$11.00 – $18.00
Written and illustrated by Philippe Fix
Translated from the French by Donald Nicholson-Smith
Seraphin, dreaming of gardens full of birdsong, sunny avenues, and flowers, works as a ticket seller in a metro station underground. One day, after being scolded by the stationmaster for trying to save a butterfly that had flown into the station by accident, he learns that he has inherited an old, dilapidated house. Overjoyed by the possibilities, he and his friend Plume set about building the house of their dreams, and much more besides! Philippe Fix’s illustrations, cinematic in their scope, have entranced children since their 1967 début. Out of print in English for decades, a fresh translation of Seraphin allows a new generation to experience the wonder and inventive spectacle of the original.
Date of Publication: July 9, 2019
Hardcover ISBN: 978-1-939810-25-0
Seraphin amazes, bewilders, confounds, dazzles...the story and the wonderfully whimsical illustrations that accompany it transport the reader to flights of fancy while grounding the reader with bits of reality.
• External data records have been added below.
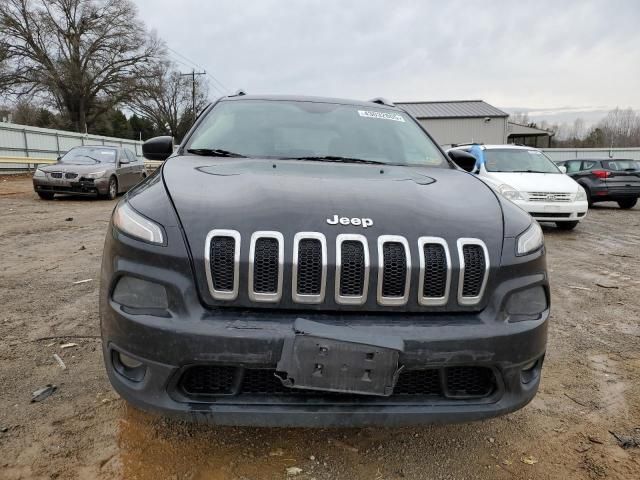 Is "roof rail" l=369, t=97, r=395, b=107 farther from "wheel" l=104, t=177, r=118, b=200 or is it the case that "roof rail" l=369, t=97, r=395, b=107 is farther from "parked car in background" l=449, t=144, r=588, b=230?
"wheel" l=104, t=177, r=118, b=200

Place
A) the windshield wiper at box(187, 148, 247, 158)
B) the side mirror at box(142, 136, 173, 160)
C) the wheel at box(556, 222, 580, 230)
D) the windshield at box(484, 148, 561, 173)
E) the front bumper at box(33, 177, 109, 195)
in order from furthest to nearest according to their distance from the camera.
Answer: the front bumper at box(33, 177, 109, 195)
the windshield at box(484, 148, 561, 173)
the wheel at box(556, 222, 580, 230)
the side mirror at box(142, 136, 173, 160)
the windshield wiper at box(187, 148, 247, 158)

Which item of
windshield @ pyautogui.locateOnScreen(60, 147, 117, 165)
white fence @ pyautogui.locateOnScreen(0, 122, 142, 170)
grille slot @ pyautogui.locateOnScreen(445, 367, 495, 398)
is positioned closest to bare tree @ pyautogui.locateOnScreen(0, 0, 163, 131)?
white fence @ pyautogui.locateOnScreen(0, 122, 142, 170)

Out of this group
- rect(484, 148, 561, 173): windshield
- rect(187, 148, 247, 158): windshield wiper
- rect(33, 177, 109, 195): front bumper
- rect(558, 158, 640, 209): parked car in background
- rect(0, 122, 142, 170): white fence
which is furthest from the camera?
rect(0, 122, 142, 170): white fence

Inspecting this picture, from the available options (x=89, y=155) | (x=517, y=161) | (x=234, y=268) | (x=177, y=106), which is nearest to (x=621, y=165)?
(x=517, y=161)

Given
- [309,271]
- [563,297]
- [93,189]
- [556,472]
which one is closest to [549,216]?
[563,297]

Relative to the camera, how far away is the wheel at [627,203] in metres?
14.2

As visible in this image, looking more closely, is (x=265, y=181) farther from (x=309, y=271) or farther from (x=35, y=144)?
(x=35, y=144)

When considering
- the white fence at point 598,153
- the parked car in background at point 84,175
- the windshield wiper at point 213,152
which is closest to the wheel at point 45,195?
the parked car in background at point 84,175

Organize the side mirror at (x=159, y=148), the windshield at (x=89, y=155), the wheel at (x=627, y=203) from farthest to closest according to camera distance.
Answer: the wheel at (x=627, y=203) < the windshield at (x=89, y=155) < the side mirror at (x=159, y=148)

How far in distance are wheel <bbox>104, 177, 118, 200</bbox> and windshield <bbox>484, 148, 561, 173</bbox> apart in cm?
882

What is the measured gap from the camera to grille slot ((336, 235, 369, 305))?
1722 mm

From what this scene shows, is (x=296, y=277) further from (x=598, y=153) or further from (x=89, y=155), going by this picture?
(x=598, y=153)

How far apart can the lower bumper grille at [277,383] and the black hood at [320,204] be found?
A: 0.27 meters

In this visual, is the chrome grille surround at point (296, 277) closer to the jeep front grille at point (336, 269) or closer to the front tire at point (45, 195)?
the jeep front grille at point (336, 269) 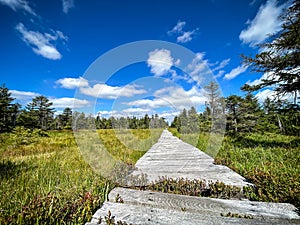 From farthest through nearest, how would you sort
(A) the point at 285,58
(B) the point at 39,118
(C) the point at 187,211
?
(B) the point at 39,118
(A) the point at 285,58
(C) the point at 187,211

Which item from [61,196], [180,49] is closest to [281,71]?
[180,49]

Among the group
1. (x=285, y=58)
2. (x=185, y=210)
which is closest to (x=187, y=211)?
(x=185, y=210)

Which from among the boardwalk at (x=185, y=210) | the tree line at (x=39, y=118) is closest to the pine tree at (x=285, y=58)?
the boardwalk at (x=185, y=210)

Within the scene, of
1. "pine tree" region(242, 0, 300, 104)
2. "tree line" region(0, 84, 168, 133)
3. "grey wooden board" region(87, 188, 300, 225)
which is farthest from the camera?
"tree line" region(0, 84, 168, 133)

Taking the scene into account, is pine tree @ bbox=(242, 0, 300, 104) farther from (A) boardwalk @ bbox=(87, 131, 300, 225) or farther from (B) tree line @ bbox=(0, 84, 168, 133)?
(B) tree line @ bbox=(0, 84, 168, 133)

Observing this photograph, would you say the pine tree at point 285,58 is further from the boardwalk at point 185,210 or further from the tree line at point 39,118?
the tree line at point 39,118

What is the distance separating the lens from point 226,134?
14.0 metres

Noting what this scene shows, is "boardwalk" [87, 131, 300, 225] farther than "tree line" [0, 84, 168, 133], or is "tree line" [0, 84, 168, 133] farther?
"tree line" [0, 84, 168, 133]

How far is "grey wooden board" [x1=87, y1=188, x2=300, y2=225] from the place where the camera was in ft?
6.13

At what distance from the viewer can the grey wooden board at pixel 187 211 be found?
1869 millimetres

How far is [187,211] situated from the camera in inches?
82.0

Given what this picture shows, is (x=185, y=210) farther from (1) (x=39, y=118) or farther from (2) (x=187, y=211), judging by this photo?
(1) (x=39, y=118)

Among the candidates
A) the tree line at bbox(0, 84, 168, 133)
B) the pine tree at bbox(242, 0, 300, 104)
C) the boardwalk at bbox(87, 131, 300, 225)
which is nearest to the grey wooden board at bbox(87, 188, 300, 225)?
the boardwalk at bbox(87, 131, 300, 225)

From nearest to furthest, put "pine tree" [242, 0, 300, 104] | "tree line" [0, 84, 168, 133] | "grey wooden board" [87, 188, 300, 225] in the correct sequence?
"grey wooden board" [87, 188, 300, 225] < "pine tree" [242, 0, 300, 104] < "tree line" [0, 84, 168, 133] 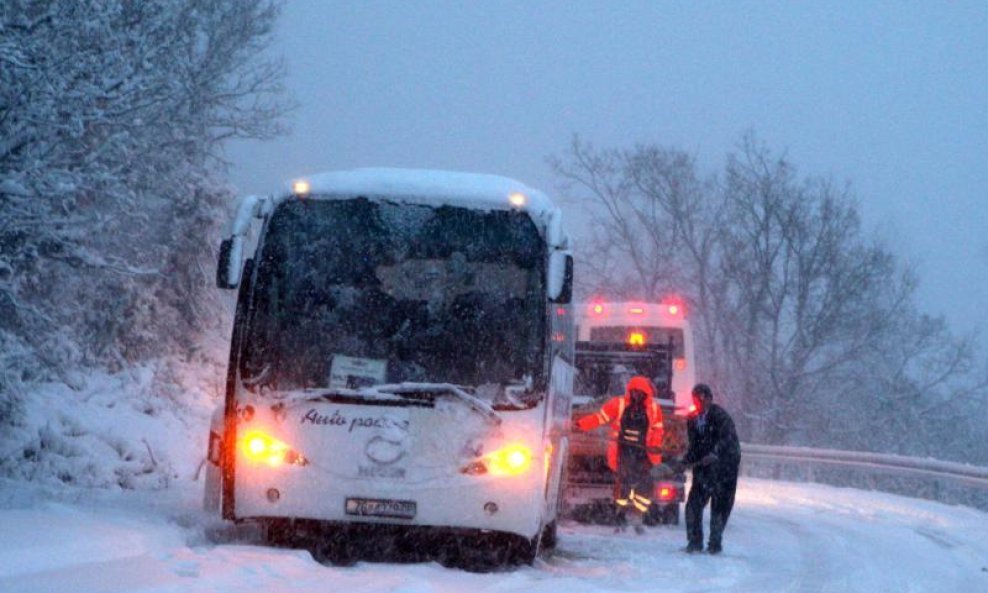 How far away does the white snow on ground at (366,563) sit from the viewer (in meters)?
7.86

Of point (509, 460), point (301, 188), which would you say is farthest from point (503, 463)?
point (301, 188)

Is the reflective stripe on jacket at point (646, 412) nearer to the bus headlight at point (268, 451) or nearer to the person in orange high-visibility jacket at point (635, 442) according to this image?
the person in orange high-visibility jacket at point (635, 442)

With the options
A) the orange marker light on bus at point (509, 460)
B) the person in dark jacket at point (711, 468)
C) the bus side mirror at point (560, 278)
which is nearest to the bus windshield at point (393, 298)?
the bus side mirror at point (560, 278)

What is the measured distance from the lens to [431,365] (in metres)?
10.1

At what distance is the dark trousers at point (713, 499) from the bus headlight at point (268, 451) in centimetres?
445

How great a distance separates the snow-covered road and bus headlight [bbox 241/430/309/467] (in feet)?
2.29

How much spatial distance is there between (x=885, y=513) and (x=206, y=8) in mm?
16150

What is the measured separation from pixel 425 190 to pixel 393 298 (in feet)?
3.28

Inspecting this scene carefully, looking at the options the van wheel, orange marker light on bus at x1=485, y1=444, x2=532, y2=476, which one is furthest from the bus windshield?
the van wheel

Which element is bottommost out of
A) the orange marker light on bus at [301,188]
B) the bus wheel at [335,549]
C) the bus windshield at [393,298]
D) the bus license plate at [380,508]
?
the bus wheel at [335,549]

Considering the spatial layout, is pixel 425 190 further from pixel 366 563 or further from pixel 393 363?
pixel 366 563

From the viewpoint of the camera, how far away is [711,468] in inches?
494

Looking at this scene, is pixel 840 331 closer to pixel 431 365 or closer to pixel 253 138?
pixel 253 138

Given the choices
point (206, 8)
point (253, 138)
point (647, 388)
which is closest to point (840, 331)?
point (253, 138) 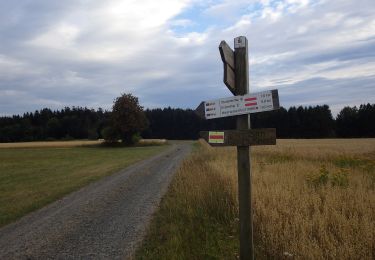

The cartoon-like illustrations, reminiscent of the old Usborne books, are full of detail and individuality and fun to pore over. The translation is fresh, and I enjoyed the great vocabulary. I think kids will experience surprise and delight while reading this unusual book.
An odd, captivating picture book...At work, Seraphin gets in trouble for decorating his ticket booth with flowers. In his free time, Seraphin likes to prowl flea markets with his best friend, Plume, and to rig up such ingenious gizmos as hamster-powered whirligigs.
This makes for one of those stories that will keep children entertained long after they have finished reading the book.
— Martin Dowden
Each page deserves loving scrutiny. And, the hero's final creation is stupendous. Wonderful, wonderful book. Particularly good for that younger tinkerer or maker in your life.
— Seema Rao
The illustrations are the highlight of this strange little book; particularly the full page art [...] it reminded me a great deal of the 70's works of Maurice Sendak.
— Lucy Dixon
The parents who treasured Seraphin as one of their childhood favorites can introduce him to their children and classroom students.
— Ann Martin
A cute, quirky, philosophical tale.
— Teresa Grabs, The Haunted Wordsmith
Pictures were wonderful and extremely detailed.
— Bella Haver
Love the illustrations! Superb colour and detail that draw you in for closer examination with wonderfully artful use of negative space and perspective [...] The warm central character and realistic setting of Paris make it quite believable while being perfectly wonderfully absurd.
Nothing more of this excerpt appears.